Monday, 25 April 2016
This Chess Piece
Lets see how clearly I can think about this chess piece
What a dude he is.
Ok the staring eyes are always the first thing, are they intended to feel staring or is it just the style of the culture? We don't know but the omni-presence suggests its a cultural thing.
Second thing; the dotted circles and the eyes, these are the same thing. Is that deliberate or just a convenience of form? Is this a creature with many eyes?
The triangle-face outlined in sharp strokes to emphasise its shape and then the strikes across the triangle. What does this tell us about the face? Is it a war face? Is it an armoured mask? Is that a furrowed brow indicated by the second line on the upper side?
The slumped strong shoulders. The roundness and irregular curve.
Is this guy wearing clothes and are those triskelions of eye-shapes the memories of decorations or do they indicate some kind of armour or amulet?
The crosshatching around the bottom, is that a belt or the hem of a dress or the hem of a tunic?

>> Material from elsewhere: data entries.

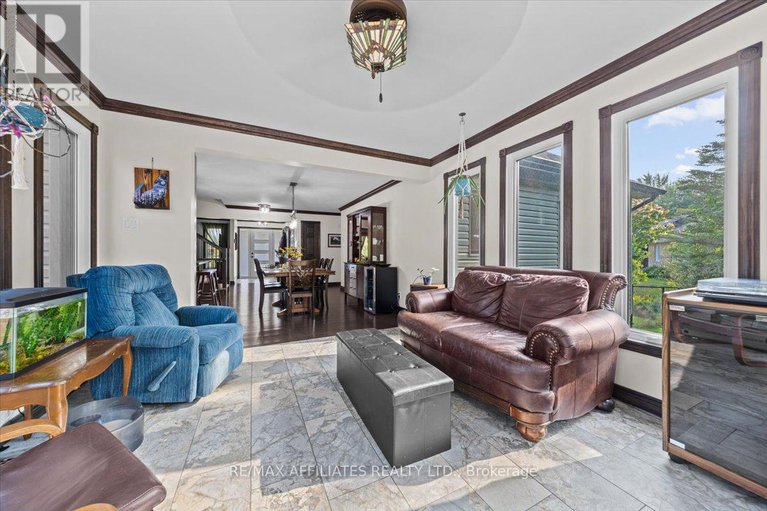 28731619/3-longtin-street/clarencerockland-twp/clarence-rockland/ontario/K0A1E0_10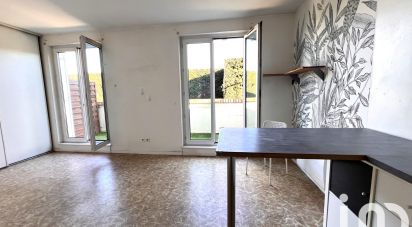 Studio 1 room of 25 m² in Plaisir (78370)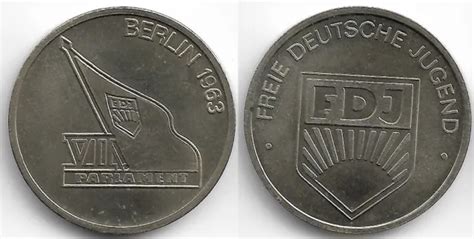 HETTSTEDT MEDAILLE BERLIN VII Parlament Der FDJ 1963 Nicht Magnetisch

How does he make you feel when you look at him? Strong. solid. Impassive or at least, immovable. Not directly-threatening. Slow. Like a living shield and perhaps his face is a shield, and hes kind of cute, and depending on how you think of it, a little scary, especially if that is a shield-face with eyes. He feels very alice-in-wonderland, that mixture of playful and spooky.
What are the lines doing?
The lines falling down across the shoulders are telling you that they are shoulders, the curve of the plane to the top is not allowed to fade into insignificance they imbue with humanity, they emphasise masculinity and strongness. They tell you this thing/person is wearing clothes.
Probably those eye triskelions are telling an anglo-saxon audience something pretty culturally specific, and maybe quite 'unimportant'.
what about the shield-face lines?
They break the triangle into the three-thirds of the human face, here the eyes somehow must be eyes and nothing else. The downward slant, like an arrow or a slice of pie cutting into the general form. What does that do? Cutting into the curve, emphasising the breadth.
Rosie says she thinks this is a sheep and hes humble and those are his arms and he probably works in a shop or something and goes and gets your order and brings it back without looking you in the eye.
Because the face looks sad.
The crosshatched band around the bottom, giving you the rim. Sealing it to the board.
I'm looking at this guy, trying to unfold the mystery of the figure, the reason for the shape, when for the person that made it everything was simple and clear
intuitive.
You make it round like 'this' to hold it, you're carving it in your hands so you know when it feels right. You put the triangle in there, maybe the shape just wanted to be a triangle. You put lines in where it seems like you would need some lines and then its done, and you know when its done becasue its very clearly done.
Put it down on the table, there you go. Whatever is informing you about the correctness of the piece it isn't coming in words or in any kind of abstraction its a form-lead form, it has no explanations to make, it has no particular answer to give, it just is, where it needs to be.